DATA EXCERPTS below:

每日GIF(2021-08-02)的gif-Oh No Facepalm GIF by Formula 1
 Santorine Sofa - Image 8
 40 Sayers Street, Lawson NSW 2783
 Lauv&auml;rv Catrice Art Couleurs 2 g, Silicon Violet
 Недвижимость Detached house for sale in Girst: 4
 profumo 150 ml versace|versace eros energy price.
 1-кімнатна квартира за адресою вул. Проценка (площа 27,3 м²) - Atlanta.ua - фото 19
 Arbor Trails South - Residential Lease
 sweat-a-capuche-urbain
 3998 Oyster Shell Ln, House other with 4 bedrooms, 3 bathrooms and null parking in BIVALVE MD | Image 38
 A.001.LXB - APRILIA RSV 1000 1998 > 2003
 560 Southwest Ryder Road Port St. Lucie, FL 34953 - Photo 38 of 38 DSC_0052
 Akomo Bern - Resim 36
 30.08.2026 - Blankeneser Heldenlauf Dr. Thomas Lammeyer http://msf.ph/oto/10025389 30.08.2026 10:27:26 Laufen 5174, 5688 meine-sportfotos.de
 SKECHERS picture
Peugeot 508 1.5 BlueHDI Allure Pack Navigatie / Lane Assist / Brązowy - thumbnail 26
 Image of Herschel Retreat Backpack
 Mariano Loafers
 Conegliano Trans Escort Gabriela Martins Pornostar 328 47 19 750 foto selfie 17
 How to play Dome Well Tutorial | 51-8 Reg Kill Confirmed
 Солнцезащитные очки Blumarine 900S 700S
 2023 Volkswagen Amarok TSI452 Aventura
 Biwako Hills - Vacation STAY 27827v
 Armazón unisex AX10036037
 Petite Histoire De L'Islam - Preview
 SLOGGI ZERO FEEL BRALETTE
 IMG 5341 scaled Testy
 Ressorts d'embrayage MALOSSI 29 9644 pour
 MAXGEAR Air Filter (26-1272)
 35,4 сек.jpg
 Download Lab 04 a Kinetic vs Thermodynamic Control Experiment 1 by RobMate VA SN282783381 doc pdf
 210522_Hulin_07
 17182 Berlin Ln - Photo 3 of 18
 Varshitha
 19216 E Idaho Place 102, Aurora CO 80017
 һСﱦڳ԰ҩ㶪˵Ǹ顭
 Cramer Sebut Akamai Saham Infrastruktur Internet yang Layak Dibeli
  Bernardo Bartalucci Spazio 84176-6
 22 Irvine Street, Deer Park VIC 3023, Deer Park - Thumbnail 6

End of DATA EXCERPTS.

* _ASSIGNED TASK_: Indicate how many lines of the material contain the string "Photo", giving the number and nothing more.

* _TASK RESPONSE_: 2